Glasgow’s brother, who appeared at the hearing Monday without legal counsel, handed over to the court an updated sworn affidavit about the chronology of events relating to the sale and the money he had received from Glasgow. As a result of concerns raised by both the prosecutor and the defence attorney about that document, he was advised to seek legal representation and then return to court on 20 February, when the judge will make further enquiries about the possible recovery.

Once the court has been able to establish whether money can be recovered, which can go to the mitigation or aggravation of the sentence imposed depending on whether or not there was any deliberate attempt to hide assets, the judge will be in a position to pass sentence.

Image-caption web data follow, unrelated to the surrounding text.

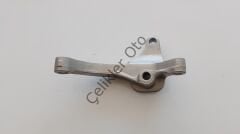 Motor Takoz Bağlantı Ayağı Clio 4 Captur 112539045R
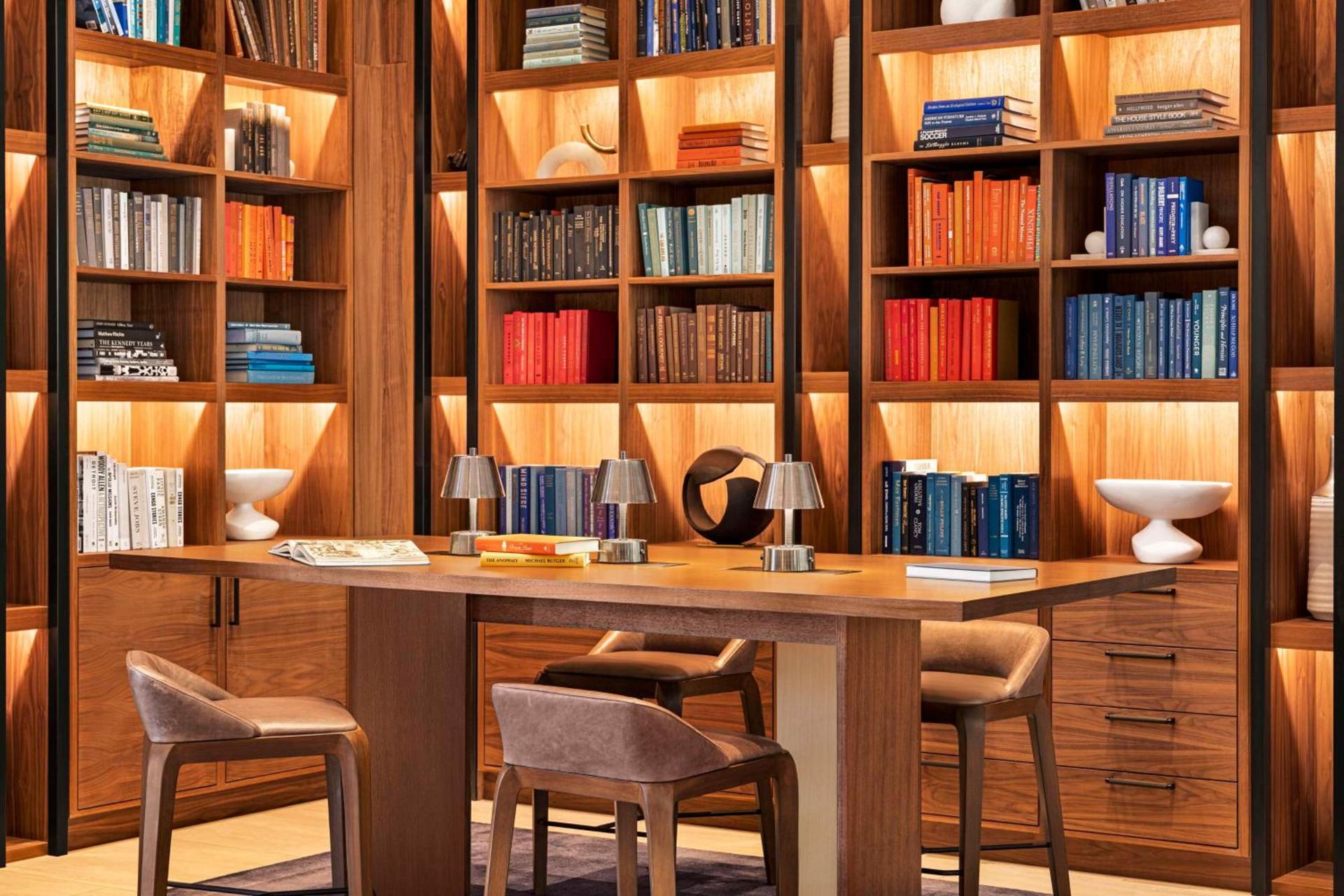 Hyatt Centric Santa Clara Silicon Valley photo 33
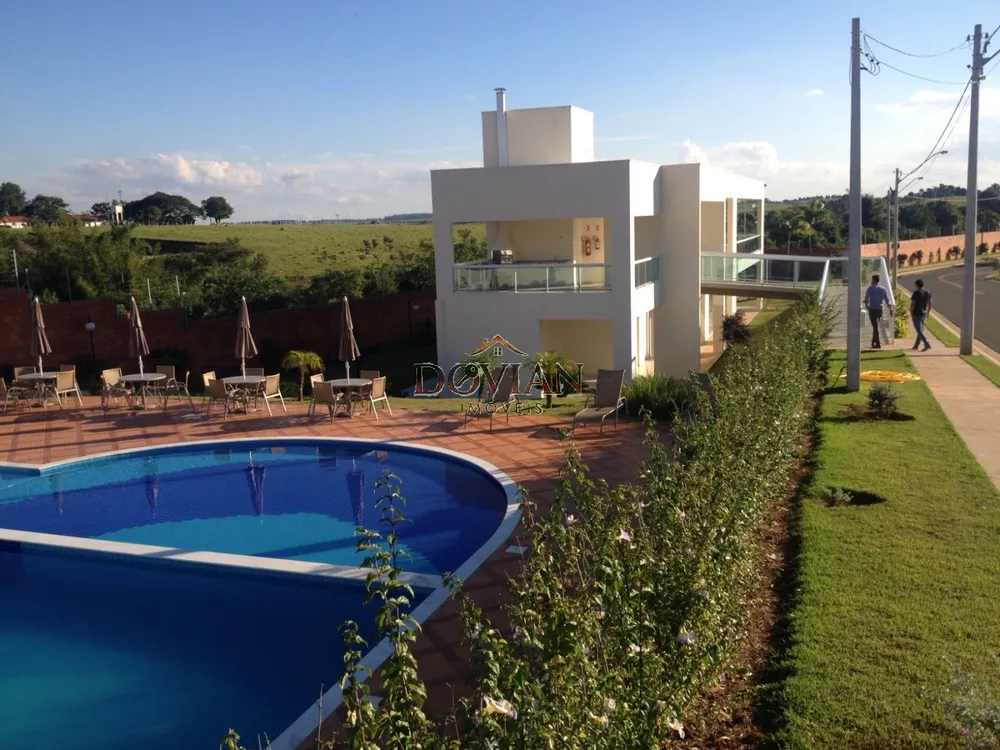 Terreno, 375 m² - Foto 3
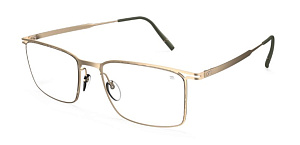 Silhouette 5594 75 7530 54/18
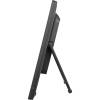 iiyama 21,5" ProLite T2255MSC-B1 IPS LED T2255MSC-B1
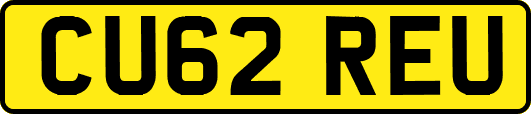 CU62REU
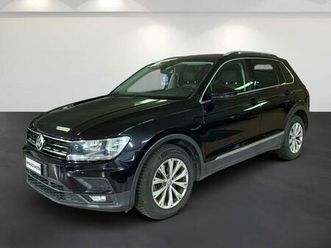2.0 tdi business 150cv dsg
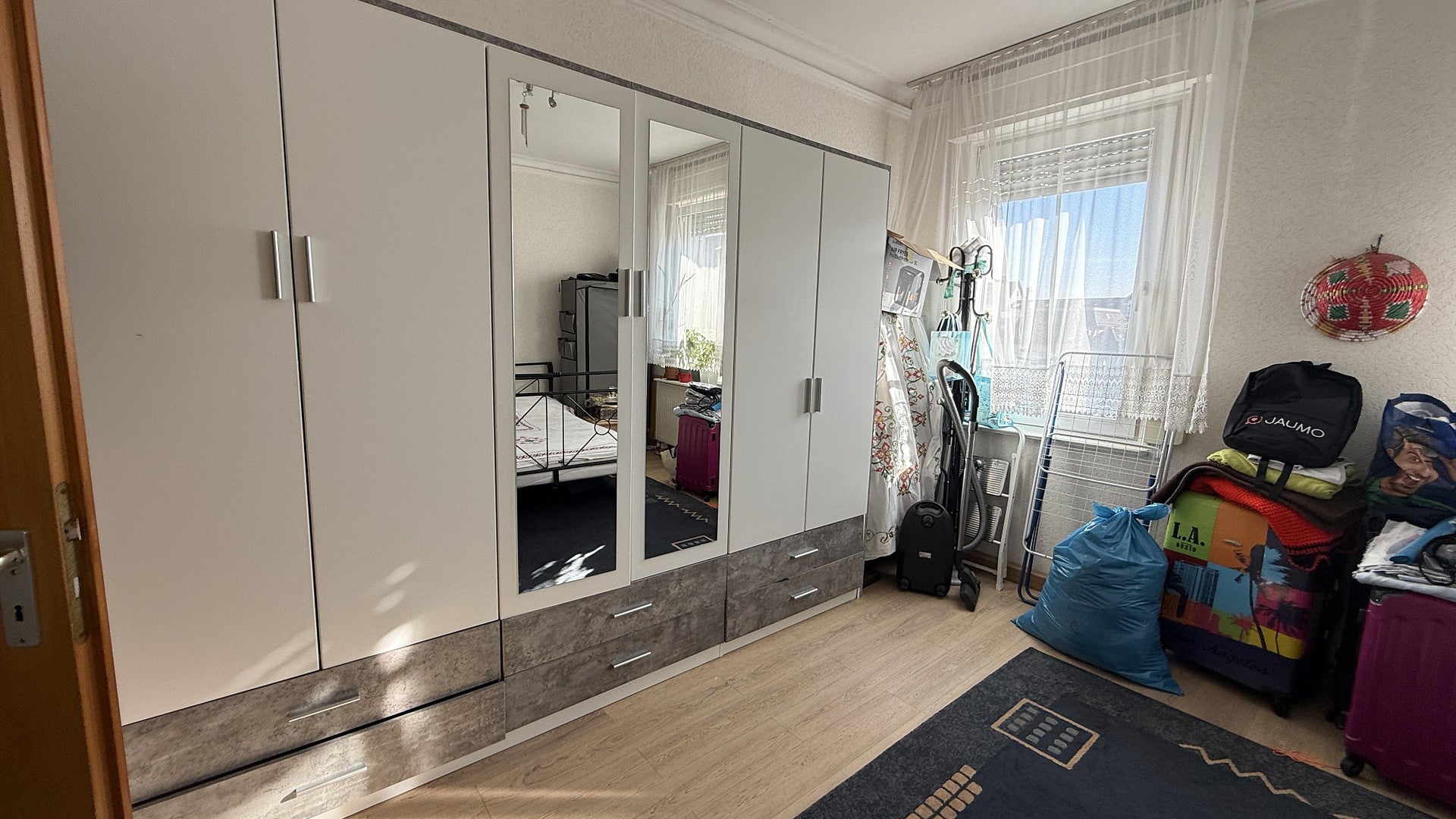 Wohnung Heininger Straße in Göppingen (Kernstadt)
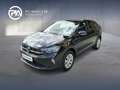 Volkswagen Taigo 4Me TSI Schwarz - thumbnail 1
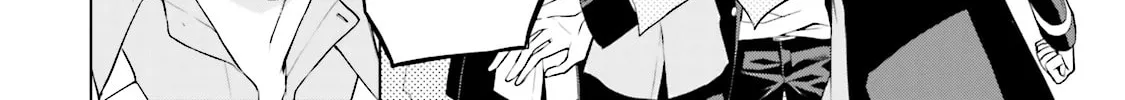 Samurai Drive Chapter 22 page 20 - 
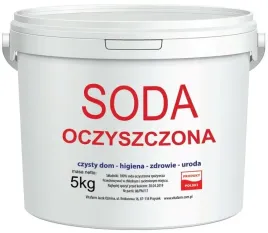 soda-oczyszczona-spozywcza-wodoroweglan-sodu-5kg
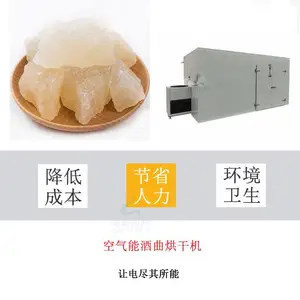 冰糖低温烘干机 蔗糖干燥箱 厂家批发可定制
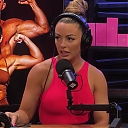 y2mate_is_-_Ep_18_-_Power_Alphas_Podcast___Fans_and_More___Mandy_Saccomano___Sabby_Piscitelli-tYN999eT0mk-720p-1710977826_mp41568.jpg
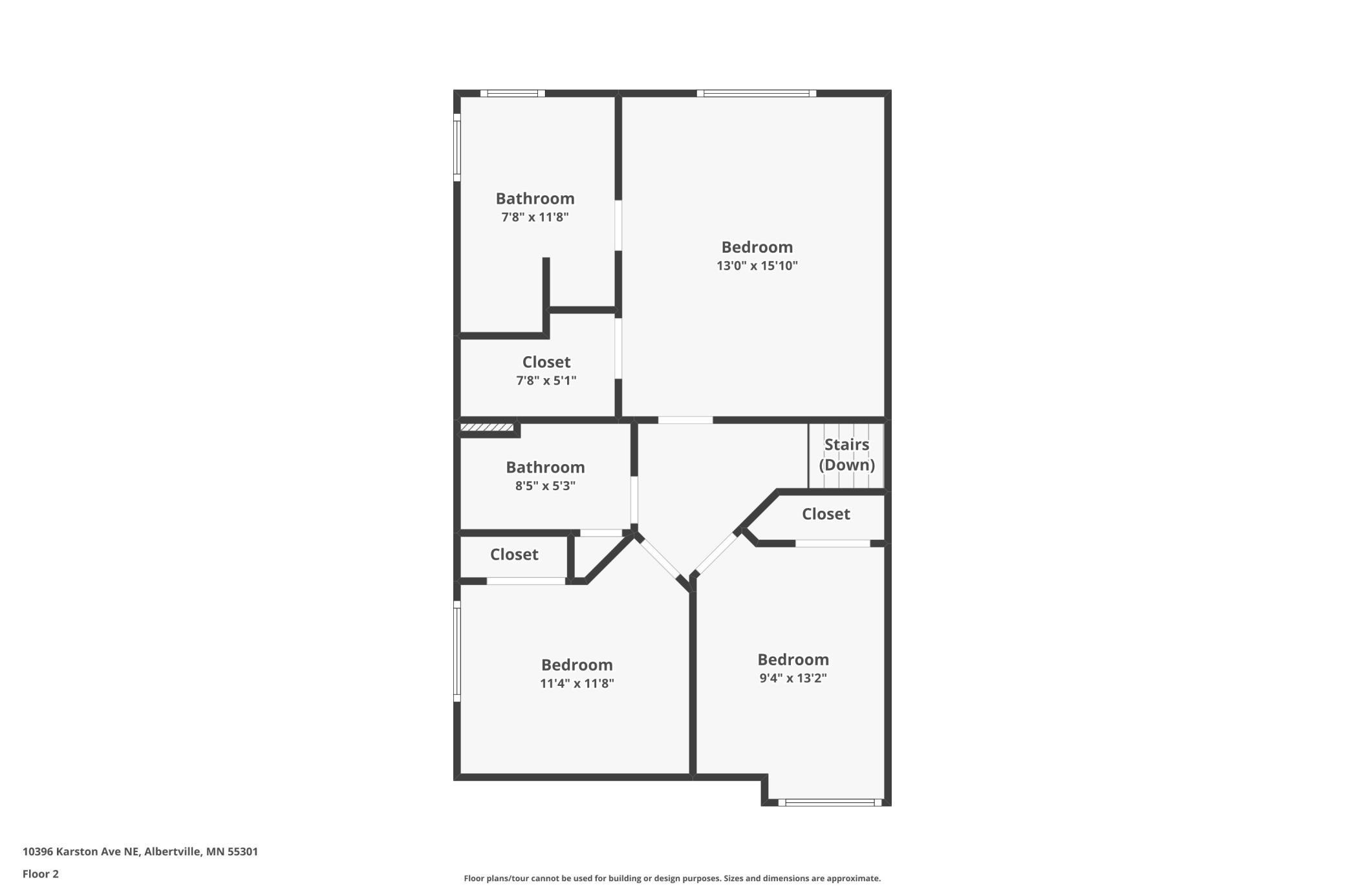 View of Residential at 10396 Karston Avenue, Albertville MN 55301, Albertville (54 of 54) - Mike Wilen | Minnesota Team Real Estate
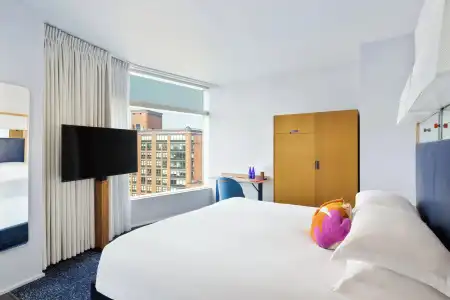 The Standard East Village - 73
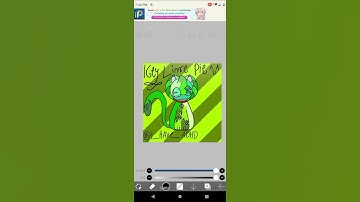 PLS COMMENT THIS TIME, SCOTT PLSSSSSS #singer #newmusic #music @scottfrenzel #ScottFrenzel #cats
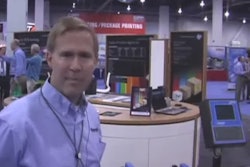 Pw 210672 Thumbnail 2 71221f2f V1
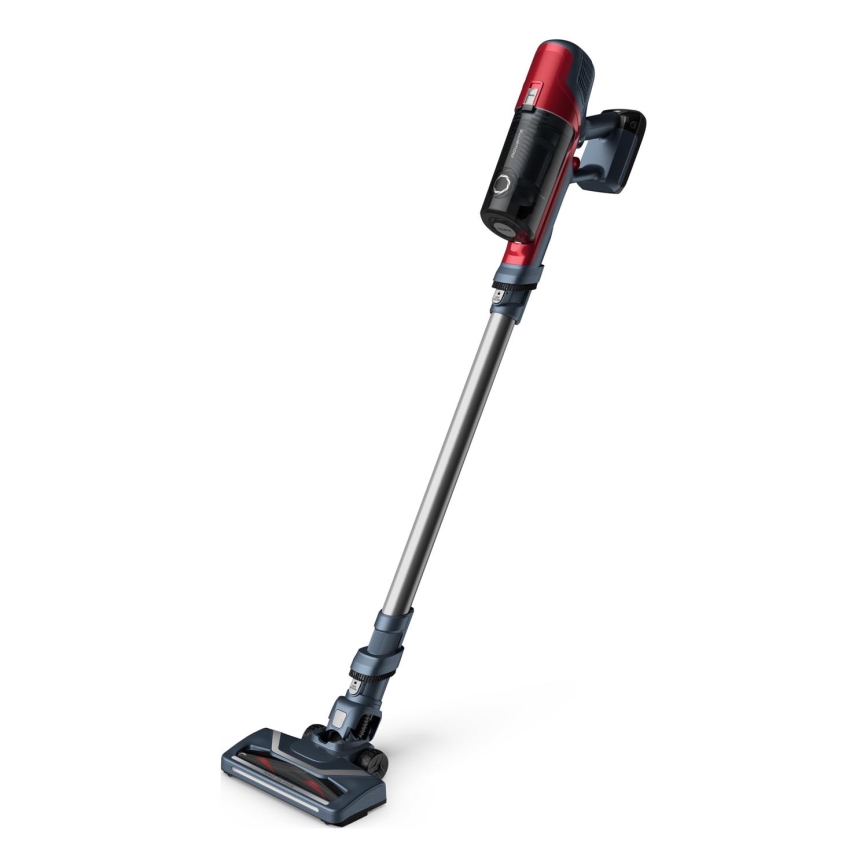 Rowenta - Aspiradora escoba X-PERT 18V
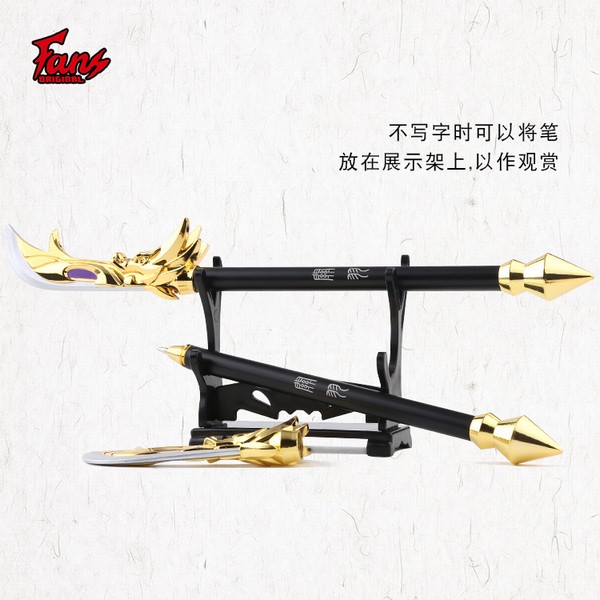 ҫ۵ģʹԱʳԼ20CM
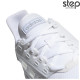 Adidas Duramo 9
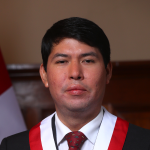 ¿Quién es Castillo Rivas Eduardo Enrique?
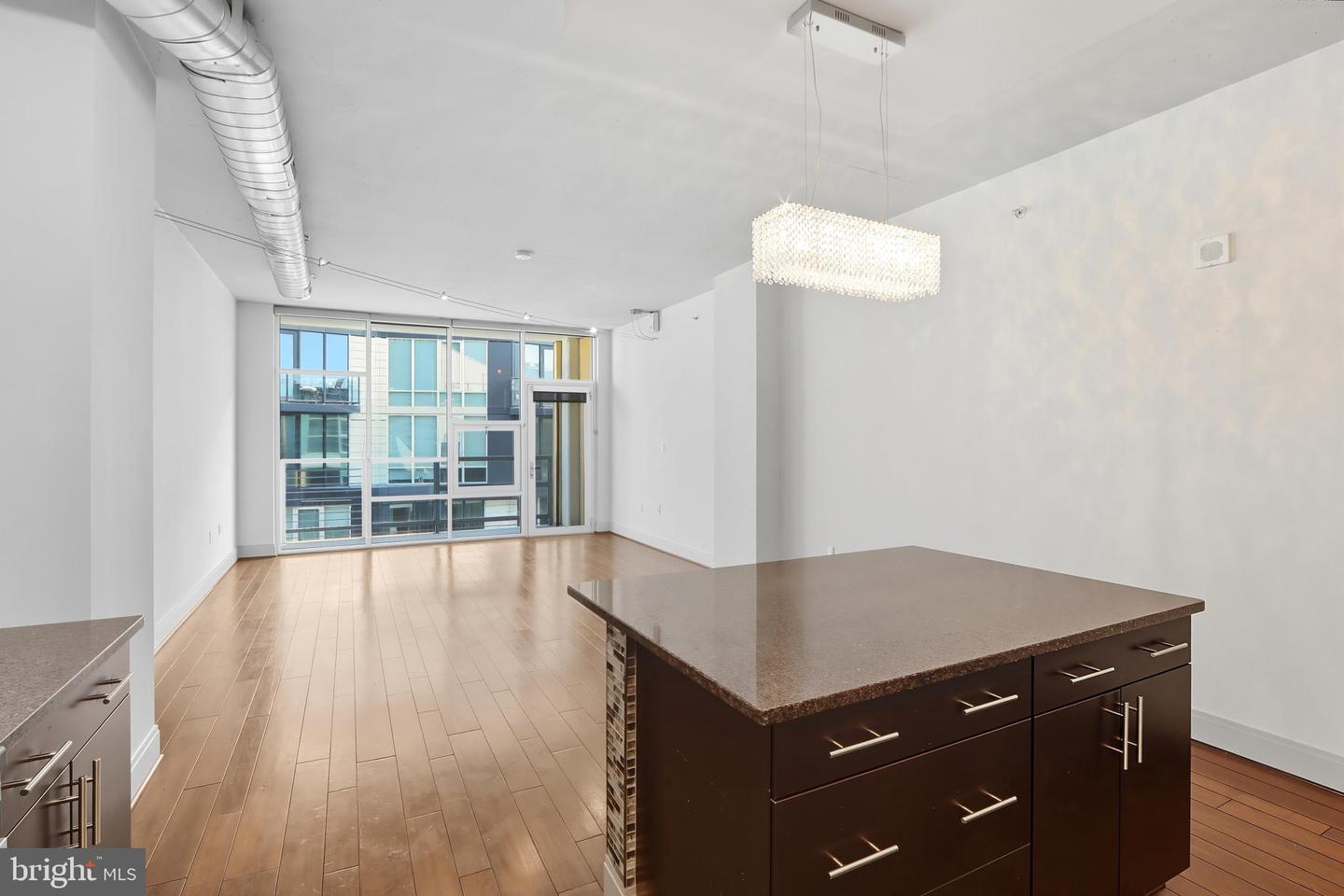 929 FLORIDA AVE NW #8001, WASHINGTON, District Of Columbia 20001, 1 Bedroom Bedrooms, ,1 BathroomBathrooms,Residential,For sale,929 FLORIDA AVE NW #8001,DCDC2225110 MLS # DCDC2225110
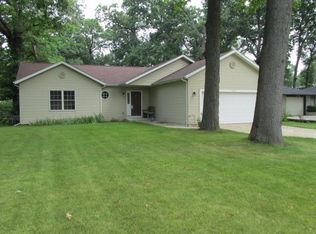 1809 Corby Blvd, South Bend, IN 46617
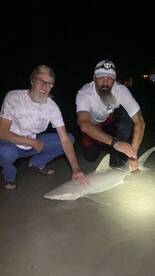 New Smyrna Beach Report Photo 2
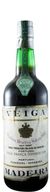 Veiga França Solera Reserva Fortificado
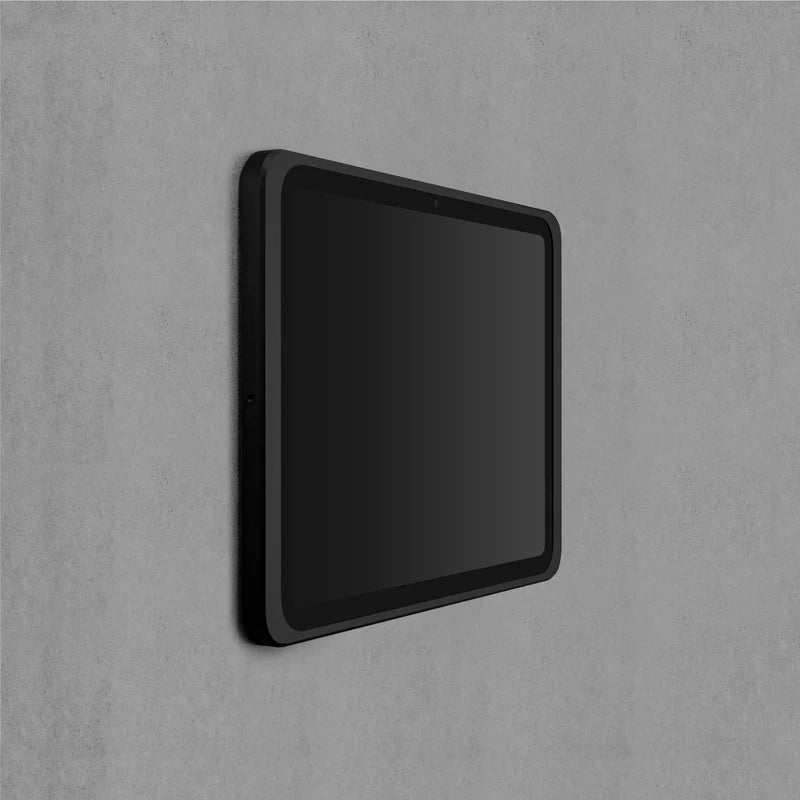 DAME WALL 2.0 IPAD 10.9/11.0 (AIR 4, AIR 5, AIR 11' (2024), PRO 11' 1-GEN , PRO 11' 2-GEN, PRO 11' 3-GEN, PRO 11' 4-GEN) - USB C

Justice Quin told Glasgow that a custodial sentence was inevitable and as such she was to be remanded in custody and begin serving that yet to be pronounced sentence.

Glasgow stole the money while she was working at Bodden Corporate Services Ltd. That firm is also now part of a civil action being pursued by Rochester Ltd, the trust established in Cayman by a wealthy individual to fund various animal and environmental related charity projects, the crown revealed in its summary of the case.

Category: Crime

Comments (11)

Trackback URL | Comments RSS Feed

  1. Anonymous says:

    What makes someone think they can steal almost a half million dollars and no-one will notice? Shameful!  Very suspicious about selling the house to the brother as well….. 

  2. Anonymous says:

    How about she gets 1 year for each fraudulent transaction to be served consecutively plus 10 for overall dishonesty and scuzziness, and for each amount stolen she pays back she gets the 1 year for that transaction suspended?

  3. Anonymous says:

    Another outsider stealing, bring in the finger I printing system! If you don’t have nothing to hide why is it a problem? We have to go through it when we’re traveling to USA, Canada etc! Caymanian

  4. Anonymous says:

    Why wasn't her assets freezed before she was given the opportunity to sell/transfer them.  Poor insight and know how.

  5. Anonymous says:

    Why weren't her assets frozen? Sloppy legal work.

  6. Anonymous says:

    My advice to her brother – get a good lawyer because you are going to need one. This is all so stupid it's almost unbelievable. It makes you wonder how the woman ever got a job with access to that amount of money in the first place. 

     

     
  7. Cay5 says:

    Some people are so poor and stricken by the turmoil of life, that they begin to see it is right to steal. I went to Honduras, La Ceiba one time and saw children 4 to 5 years old sleeping on the streets. A bunch of theives and authorities can't do a thing about it. They grow up and think it is right to steal. Here… its a different world… as Cayman become more of a vulture-capitalistic system, a change of morality is occuring slowly amongst our own kind.

  8. Anonymous says:

    Hope she put it in First Cayman Bank

  9. Anonymous says:

    Pond life. 

    • Anonymous says:

      More like the pond scum that the pond life feeds upon, or as my best friend might say "the pus that infects the mucus that cruds up the fungus that feeds on the pond scum".

    • Anonymous says:

      Proceeds of crime, I am no sure how tis works here, but in EU (and I beleive US) the bank whose mortgage was paid off could be forced to pay it back to the victim. In fact, if so called Anti Money Luandering rules worked, they should have asked where she got the money from? Was the house sold at fair value or under valued?..In helping her out, the brother may have inadvertently or otherwise comitted a crime himself.